Never Married, No Kids. Those are the circles I fill in on official documents.
I grew up mostly in small town, middle America and in those small towns it is completely normal and expected that you marry your high school sweetheart, college boyfriend, or the person you met immediately after college. I gladly did none of those things and in fact I’ve never really met a man I’d want to marry.
A long time ago I decided to stop following the rules, the blueprint. I didn’t care that other people were getting married and having kids; they somehow saw their lives as more mature or relevant than mine, but I did not. Just because you are married, does not mean you are smarter than me and if that were true, I would be smarter than 51% of you. I’m grateful that I always heard that voice inside of me telling me I was settling and I was lucky enough to walk away or lucky he walked away from me. However, as I grew older, I began to wonder if something was wrong with me. I wanted to be with someone, to have a life with someone but that man was not showing up.
Over the years I’ve asked questions to married people and divorced people and they’ve been honest with me. Some have said it’s the best decision they’ve ever made, they love their spouse and their life. Some have said they made a mistake, they married because they were following a plan, or they thought they would finally be happy once they had the spouse, the house, and the kids.
I’ve watched those plans fall apart, fathers abandoning their families and their promises, women raising children alone and most surprisingly, women who thought a husband and children would fulfill them, yet they find themselves wanting more out of life – they love their husband and their children, but it turns out it was not their true purpose to simply have a family. I’ve listened to mothers profess that their children are the best thing that has ever happened to them, but in the same breath admit it’s not important to have children, it’s not what everyone said it would be and I’m not missing out.
That’s what I’ve discovered; it is not my Life Purpose to have children. I’m not even sure I want them. I know I would love my child and be a great parent – and there was a time in my life when I wanted children – and maybe I will have a child, but I don’t believe that is why I was put on this earth. Let me be honest, a lot of people were put on this earth to do more than just procreate, but they ignore their gift, their purpose, and instead follow the blueprint – because it is scary and hard to listen to that voice inside of you, telling you to fulfill your purpose or “worse”…to roam this earth alone.
I’m fortunate to have a mother that never pressured me to get married or have children. She knew I could be complete without them, I don’t feel like a spinster, or that I am denying her the experience of being a grandmother to my children. And let me be clear; none of those reasons are good enough to bring another life into this world. A child is not born to complete me, make me feel loved, or validate my plan of what a family looks like. It is not my child’s job to help me fit in with the other mothers. I know so many women who didn’t know what to do next, so they had a baby. Or they had a baby because that’s what all their friends were doing. I also know women who were born to be mothers. These women are easy to spot – there is something about their tone, their actions, the way they talk about children – I can tell that this is what they were put here to do. If having a child brings about a learning experience, or growth that we can share with the world – amazing. What a miracle. But if we are having children in order to fix something…what a shame.
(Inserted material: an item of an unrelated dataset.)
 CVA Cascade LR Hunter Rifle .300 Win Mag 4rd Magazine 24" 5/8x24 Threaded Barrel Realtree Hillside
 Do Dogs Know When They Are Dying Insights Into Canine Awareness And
The same rules apply with marriage. For a long time I wanted someone, some man to save me, to make me feel safe again. Now I know that is not his job, it is mine (and my higher power’s). Marriage is a new, man-made tradition, it didn’t exist 10,000 years ago. It is an unnecessary luxury which protects assets and bloodlines. And I’m totally down for it. I’d love to get married and I fully buy into the commercialism of it. But there are a lot of women out there who marry for the wrong reasons, the wrong expectations. Again it comes down to purpose. I don’t expect my partner to save me, I expect him to be a mirror for me so I can grow into the most useful version of myself. I expect him to support me mentally and emotionally through those growth periods. I expect him to respect me the same way I want to respect him. It would also be really nice if he could cook, because I’m not good at that.
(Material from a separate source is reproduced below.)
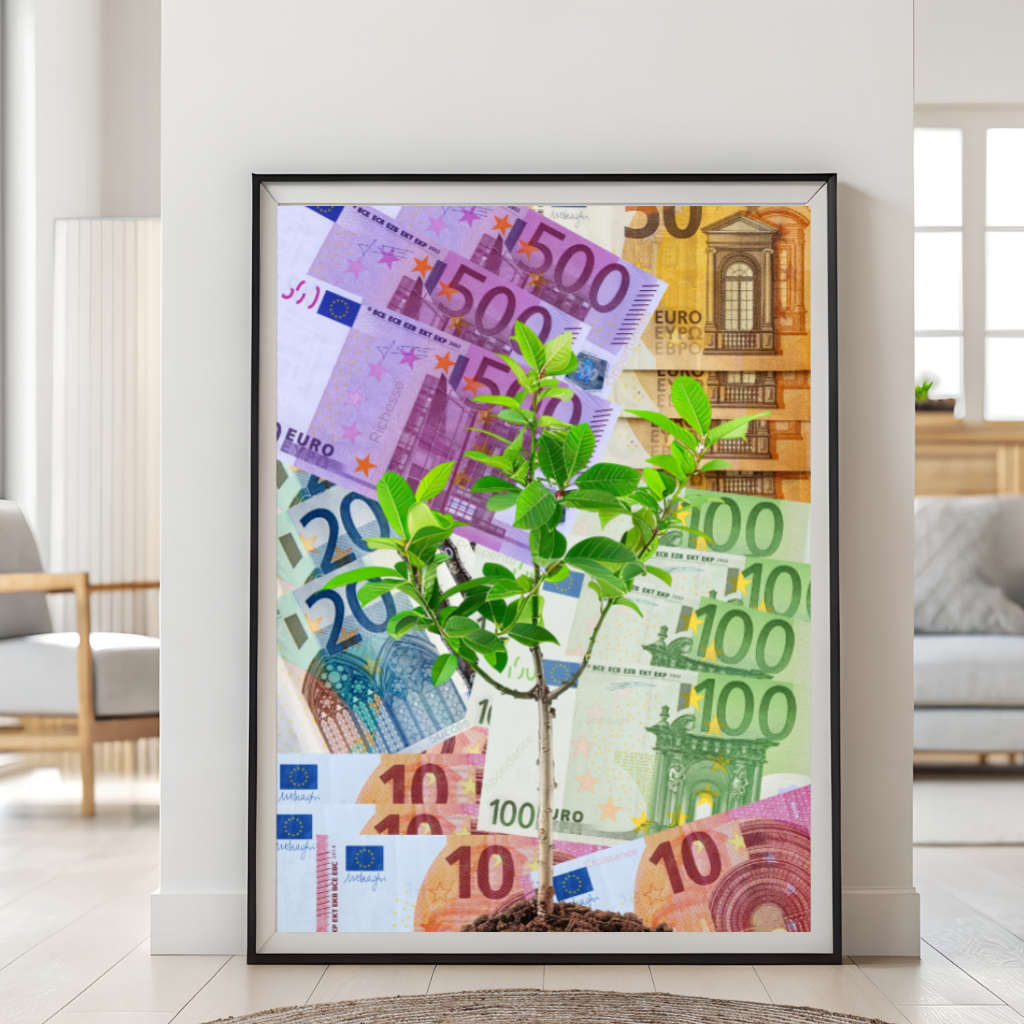 Poster  “Arbre de l’Abondance”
Sometimes I’m asked why I’m still single. And then I tell the story of the date I recently went on where the guy asked me for a hand job because he ‘had a hard week’. Another guy asked me if I would like to have casual sex and maybe be friends, “see what happens.” I don’t understand where these men got their manners or their expectations but that’s why I’m single right now. I am such a romantic, I love the door being opened, I love having the first bite, I love the picking me up at my place, I love chivalry. Yes, those two guys are worst case scenarios and sometimes there is a man who shows up and he is a gentleman, but maybe he’s just not the one for me. Odds are he isn’t. If it was that easy to fall in love, we’d all be doing it.
Someday I will fall in love. I will be with someone who supports my journey and maybe we will decide to have a child. But I also know the hero’s journey is a lonely one and while it makes me sad to think about it, I could probably come to accept doing this life alone. I’d rather be alone, living my true purpose than living a false life because of fear.
Having a husband does not validate my existence.
Having a child does not validate my existence.
I am a woman and an adult regardless of those two factors. Those are the circles I’d like to fill in.